[Web page caption snippets]
◇ ◇ ◇ ◇ ◇
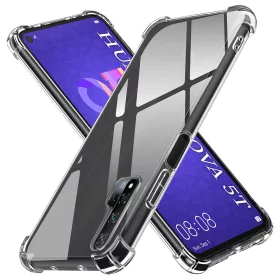   Techsuit - Shockproof Átlátszó Ütésálló Szilikon tok - Huawei Nova 5T / Honor 20 - Átlátszó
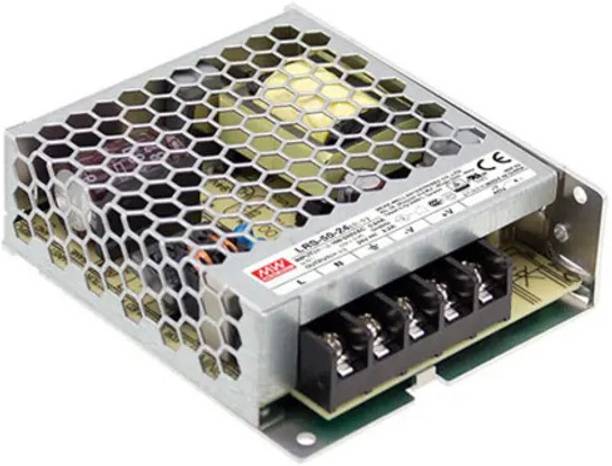 Mean Well Switching Power Supply, LRS-50-48, 48V dc, 1.1A, 52.8W, 1 Output 50 Watts Computer PSU with 0 SATA Cables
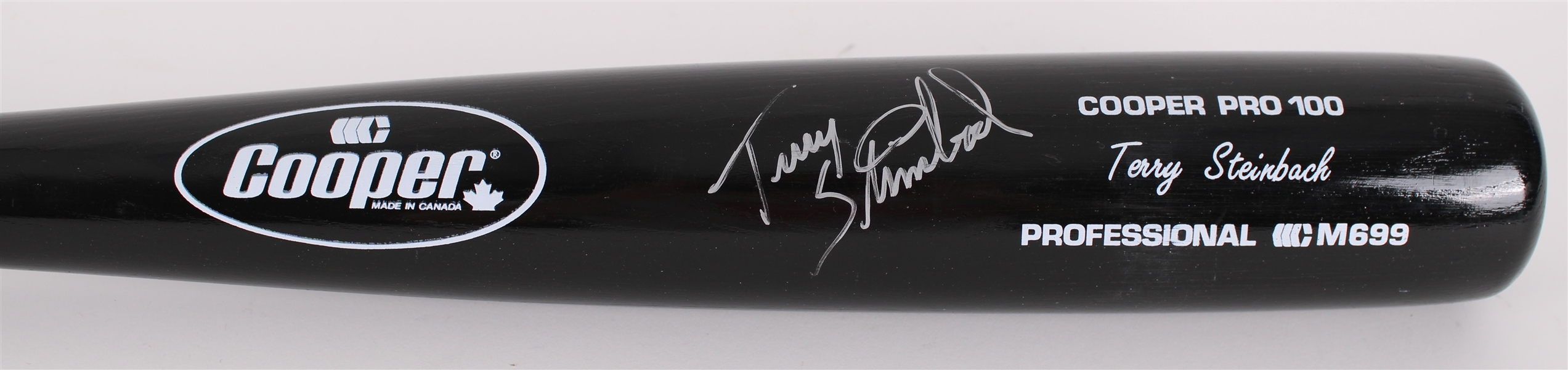 1990s Terry Steinbach Oakland Athletics Signed Cooper Professional Model Bat (MEARS LOA/JSA) **389**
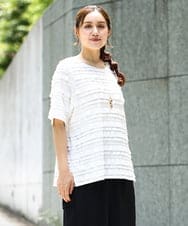 OLKHA26079 eur3(エウルキューブ) 【WEB先行販売】【大きいサイズ】カットフリルトップス ホワイト(90)
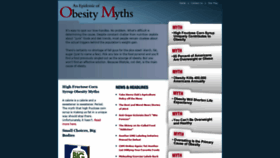 What Obesitymyths.com website looked like in 2019 (4 years ago)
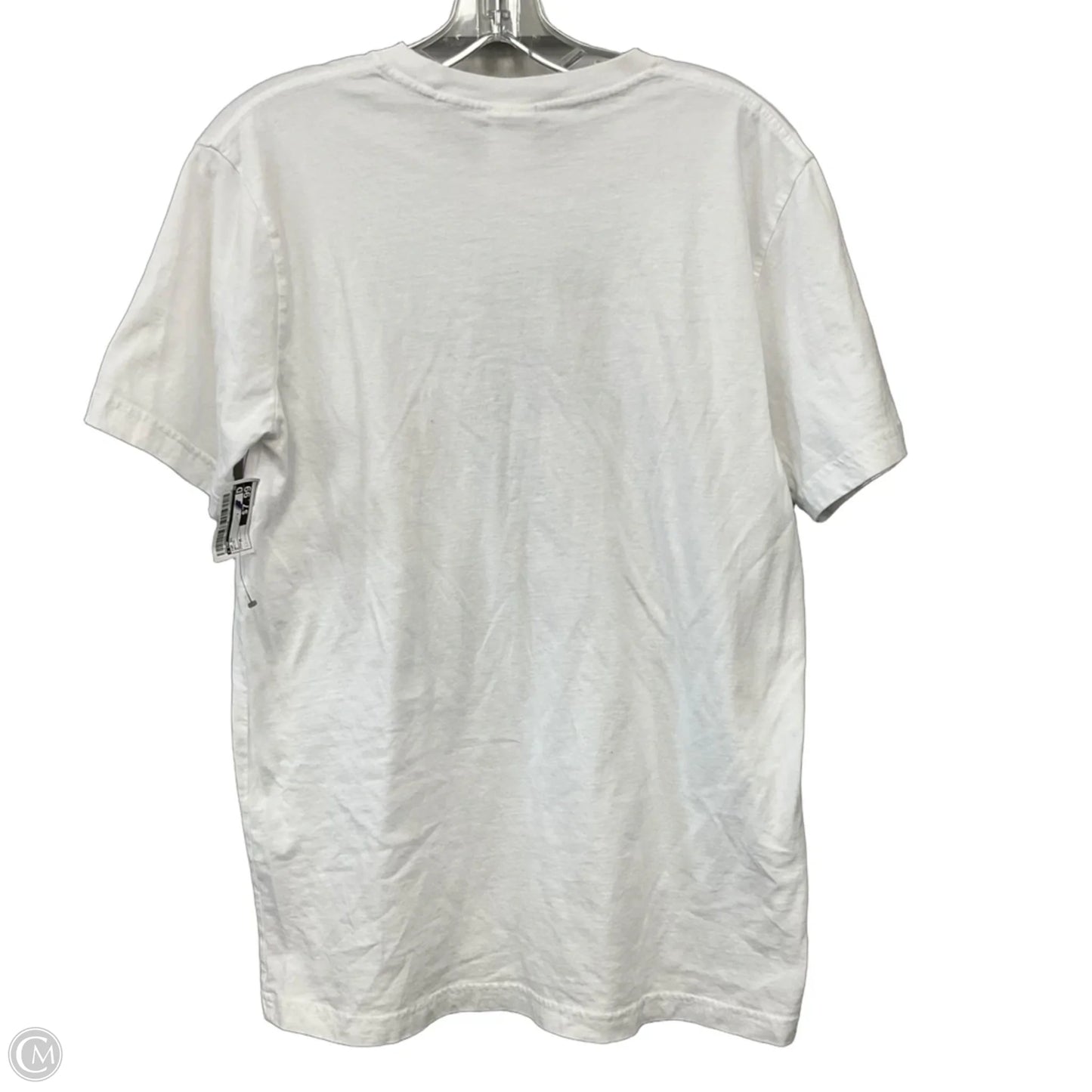 Top Short Sleeve By Cmf In White, Size: M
◇ ◇ ◇ ◇ ◇
Instructions to follow | Copy the records exactly; no image should appear in the result.

Answer to this problem |
   Techsuit - Shockproof Átlátszó Ütésálló Szilikon tok - Huawei Nova 5T / Honor 20 - Átlátszó
 Mean Well Switching Power Supply, LRS-50-48, 48V dc, 1.1A, 52.8W, 1 Output 50 Watts Computer PSU with 0 SATA Cables
 1990s Terry Steinbach Oakland Athletics Signed Cooper Professional Model Bat (MEARS LOA/JSA) **389**
 OLKHA26079 eur3(エウルキューブ) 【WEB先行販売】【大きいサイズ】カットフリルトップス ホワイト(90)
 What Obesitymyths.com website looked like in 2019 (4 years ago)
 Top Short Sleeve By Cmf In White, Size: M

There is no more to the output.